Add-ons require authorization from the user before they can operate. This is true of both published add-ons you installed from the G Suite Marketplace and add-ons you are developing yourself.
Authorizing published add-ons
After you install a published add-on, the authorization flow begins immediately:
- You are prompted to Choose an account install the add-on to.
- You are then presented with the list of authorizations the add-on requires to operate, so that you know what it attempts to do. Review this list carefully, and if you still wish to grant authorization, click Allow. This enables the add-on for use.
- You can now run it from the application (Gmail or a editor) it extends. If the application was already open in a browser tab, you may need to refresh the tab before the add-on becomes available.
If the add-on you've installed is later updated and requires additional authorizations you have not yet granted, you are prompted to provide those permissions the next time you use the add-on.
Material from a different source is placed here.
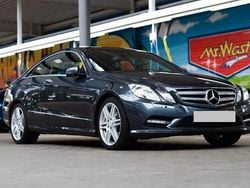 Blau Gebraucht 2012 Mercedes E250 AMG Coupé | 16.799 € (Teuer)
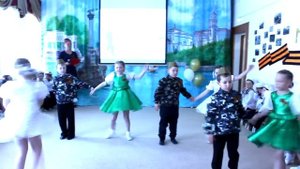 Танец "Вальс Победы"Детский сад №92 группы №3 г. Севастополь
Authorizing unpublished Gmail add-ons
Unpublished add-ons don't have the same authorization flow as published add-ons because they aren't listed in the G Suite Marketplace yet. After installing an unpublished add-on, you aren't immediately asked to authorize. Instead, the authorization flow starts when you first attempt to use the add-on. You can run the add-on by opening or composing a message in Gmail (depending on which interfaces the add-on extends). If Gmail is already open, you may need to refresh the tab before the add-on executes.
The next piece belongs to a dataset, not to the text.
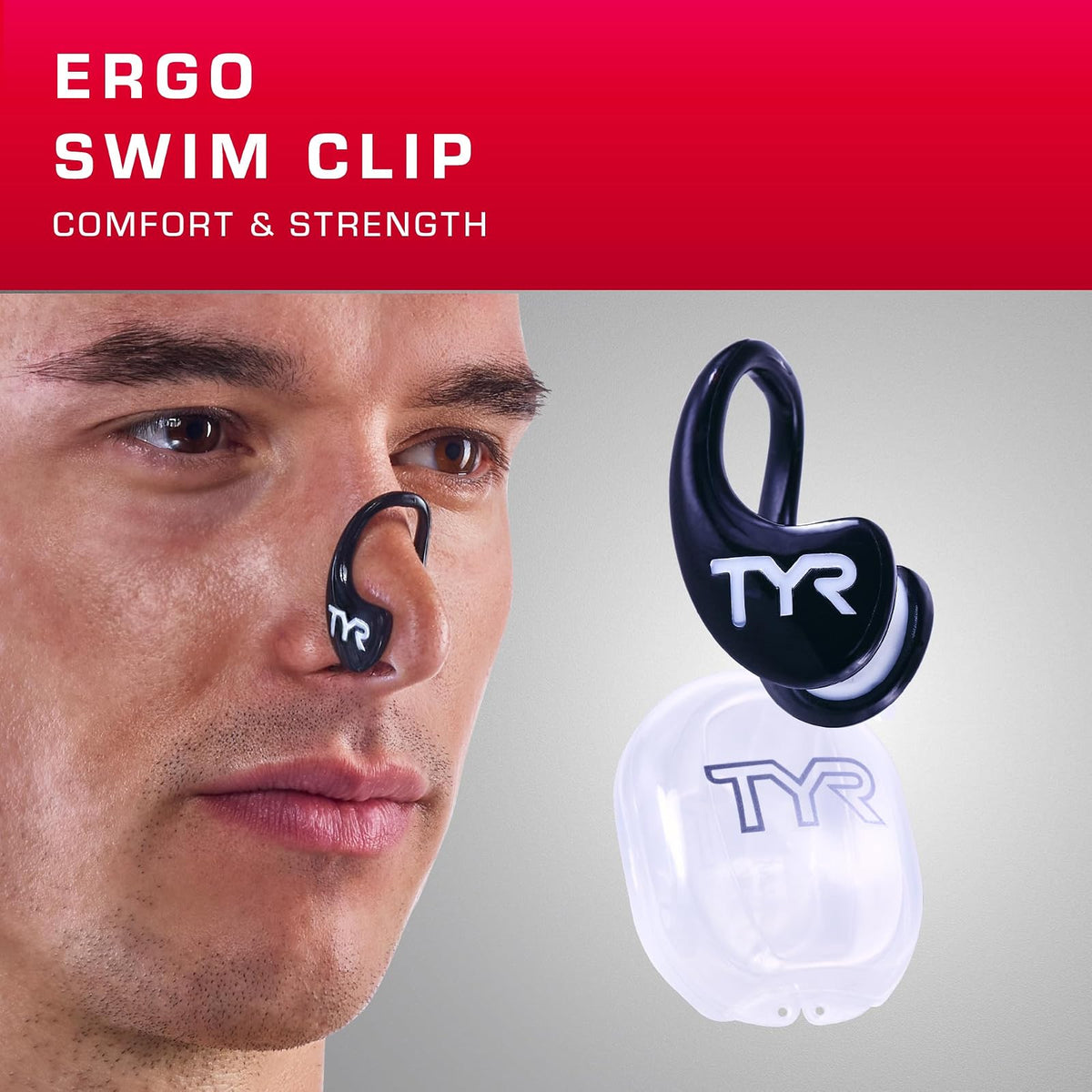 TYR Ergo - Clip de natación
When an add-on is run, it determines if any user authorization is needed. If authorization is necessary, the add-on presents an authorization card. Authorization is always required the first time an add-on executes, and may also be required if a new version of the add-on uses a service not previously authorized. The Authorize Access button provides a dialog window for the user to Allow or Deny authorization for the add-on.
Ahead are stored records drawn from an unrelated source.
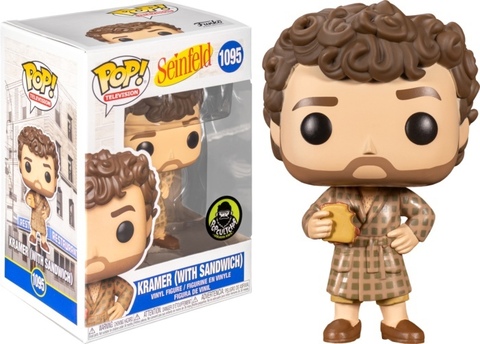 Funko POP! Seinfeld: Kramer (with Sandwich) (1095)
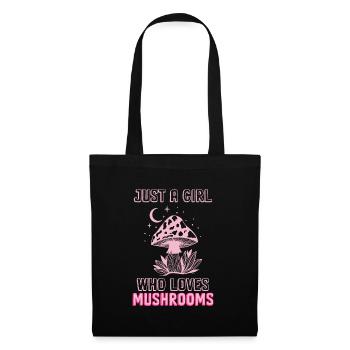 Mushroom pickers and mushroom friends - Tote Bag - black - Front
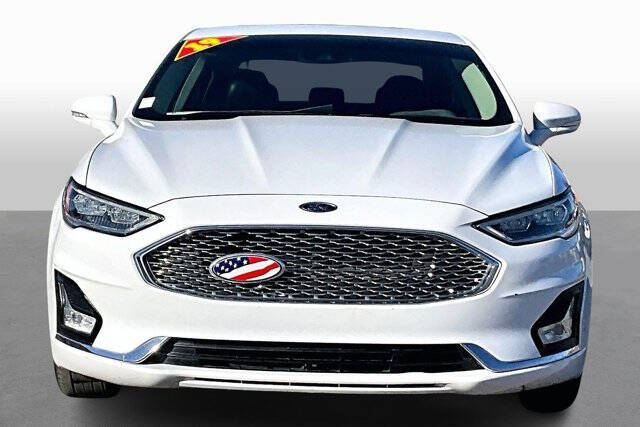 2019 Ford Fusion Energi Titanium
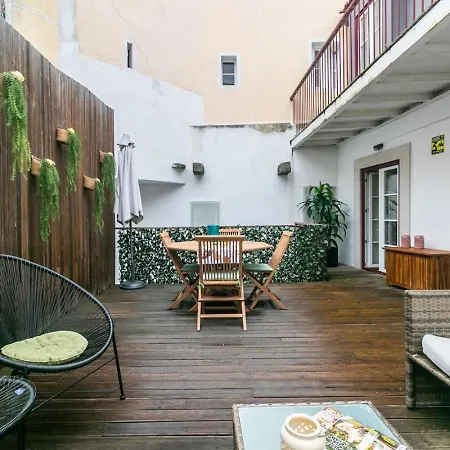 Lejlighed Gonzalos's Guest - Alfama Terrace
Authorizing unpublished editor add-ons
It's a best practice to test add-ons as you develop them. The authorization flow is identical to that for published add-ons, except that the flow starts when you first attempt to test the add-on. If you later retest the same add-on, you aren't prompted for authorization again.
Authorizing non-Google services
Add-ons that connect to non-Google services require two separate actions from the user:
- Authorization of the add-on itself when the add-on is installed or first started.
- Authorization of the non-Google service when it is first accessed.
If an add-on you are developing needs to access a non-Google service using OAuth, you must configure the connection for that service when building the add-on.
When authorization of a non-Google service is required, the add-on presents the user with an authorization prompt card for that service. You can customize this authorization prompt if you wish, or use the default card.
For more details, please refer to the Connecting to non-Google services guide.
When developing add-ons it can be useful to unauthorize them so you can test the authorization flow.
You can unauthorize an add-on by doing the following:
- Open your account security console.
- Locate and click the add-on you wish to unauthorize.
- Click REMOVE ACCESS.
If you try to run the add-on again after unauthorizing it, you must reauthorize before you can use it.